Discussion in 'Recording' started by TPOR, May 29, 2004.

  1. TPOR

    TPOR Guest

    hey there, i hate this being my first post, AND probably the usual 'please choose my mic and pre for me' post. :oops: but hopefully this one is a little different.

    im helping a friend with a small home studio setup. "small" being a 12" powerbook and an mbox with PT LE.

    i suggested to upgrade his mic and pre from the current mbox pre and akg c1000(i think thats the model, but im pretty sure they are nice mics).

    heres the problem. he's only recording one type of instrument. native american flutes. but they arent your typical sounding ones, the ones his current engineer has been having difficulties trying to record is borders on the lines of a bass type flute, almost like a didgeridoo, but with higher fundementals but the same, if not more, searing overtones and harmonics.

    so i need to find him a mic/pre setup that has a wide range, and is nice and warm sounding in the hi freqs.

    also, id like to venture in the DIY category, so any good vintage stuff that would fit my problem make sure to suggest it!

    thanks for any help!


    t
     
  2. AudioGaff

    AudioGaff Well-Known Member

    Nothing wrong with the MBOX mic pre for what he is doing compared to the C1000 which I find almost utterly useless. Spend the money on a REAL GOOD mic first.
     
  3. Kurt Foster

    Kurt Foster Distinguished Member

    I would add that a large diaphragm mic would be better for woodwinds of any type. The sound of flutes, saxs, clarinets etc. eminates from more than one place on these instruments ... Small diaphragm mics focus in on a smaller area while large diaphragm mic usually have a wider pick up pattern. Large diaphragm mics also pick up low frequencies better than small ones do.

    The least expensive useable LD mic I can think of is the Studio Projects B1 at $99 list (less, street)

    Kurt Foster
     
  4. TPOR

    TPOR Guest

    thanks for the suggestions!


    what about an old Neumann style Tube mic. wouldnt that help warm things up a bit? or am i mistaken?


    t
     
  5. BladeSG

    BladeSG Guest

    Nuemann make very impressive mics, (TLM 103 very nice budget Nuemann for vocals, I want one) but also very expensive.
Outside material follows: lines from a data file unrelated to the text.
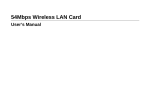 54Mbps Wireless LAN Card User's Manual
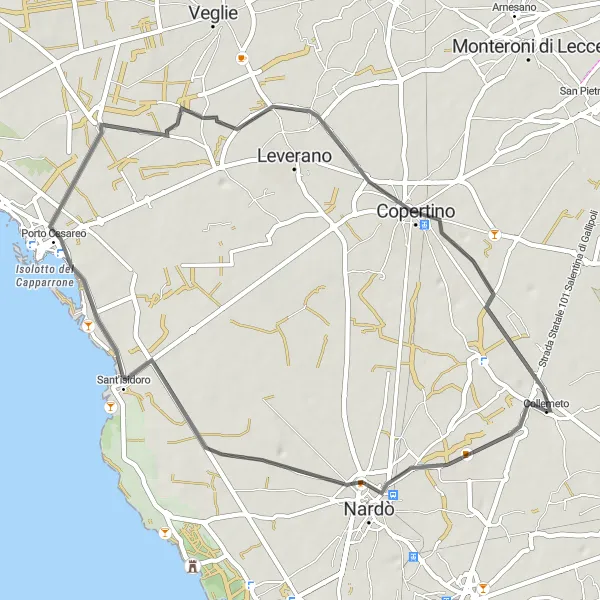 Miniatura della mappa di ispirazione al ciclismo "Giro in bici da strada tra Collemeto e Copertino" nella regione di Puglia, Italy. Generata da Tarmacs.app, pianificatore di rotte ciclistiche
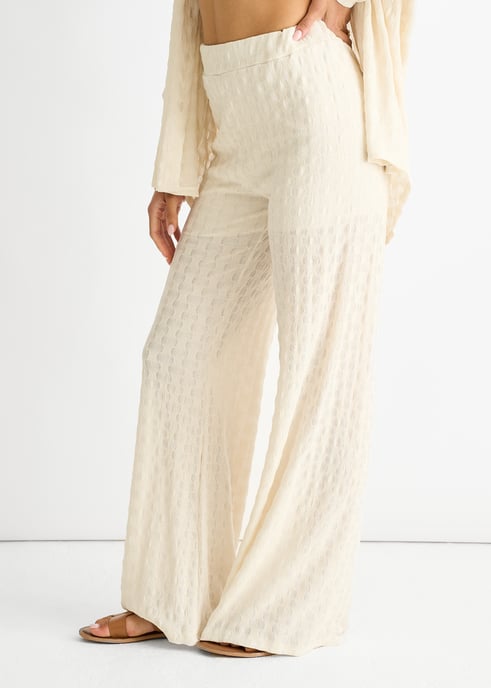 Beige Elastische taille uitlopende broek - Image 3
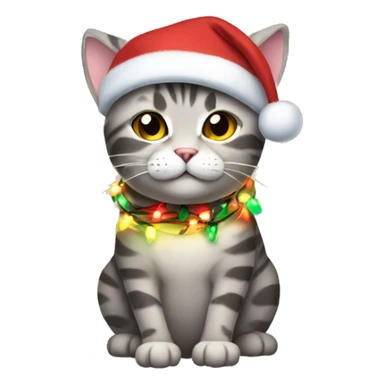 cat wrapped in christmas lights sticker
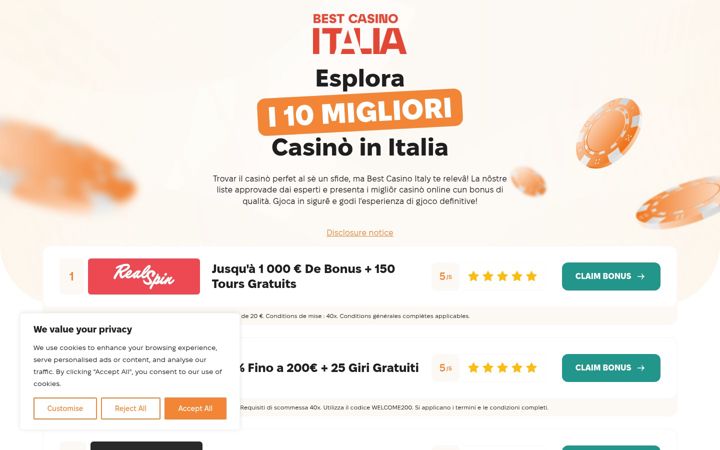 Screenshot of bestcasinoitalia.com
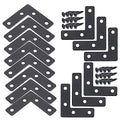 20-Pack Steel Flat Mending Plate Corner Brace 2x2inch for Wood - size: Black 50x50 mm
    I really like the Rode NT2 and the CAD GXL2200 for acoustic guitars.

    For capturing bass heavy sounds I also like the CAD KBM-412 and AKG D112. These are more recognized as being Kick Drum Mics, but I've used them successfully on Bass cabinets and Keyboard amps.
     
  6. AudioGaff

    AudioGaff Well-Known Member

    Using a tube device is not the only or always the best way to warm things up. Often times a tube device can make things less warm. Warm has become an term and goal that is over used, over achieved and over abused. Work on getting your warm tone at the source with the musician, room and instrument and then work to capture that result the best way you can. In most cases with the exception of intended tube distortion, tube warmth is best when it compliments the source and not used as the soul source of achieving warmth.
     
  7. Markd102

    Markd102 Well-Known Member

    wise words indeed
     
  8. Kurt Foster

    Kurt Foster Distinguished Member

    As Audio Gaff said, some tube mics can be bright ... The AKG C12 / C24 and C12a are all pretty "crispy" sounding.

    The CAD M9 LD tube mic is a cost effective mic that will add a bit of lower end "punch". I ran one of these mics through its paces at a friends studio and I was impressed with its performance. It comes with a mic clip and a shock mount in a nice carrying case, less than $500 street price ...

    Kurt Foster
     
  9. AudioGaff

    AudioGaff Well-Known Member

    I also was meaning that too much tube warmth is no longer warmth at all and is something else all together which could even include being crappy, tubby, muddy or limp.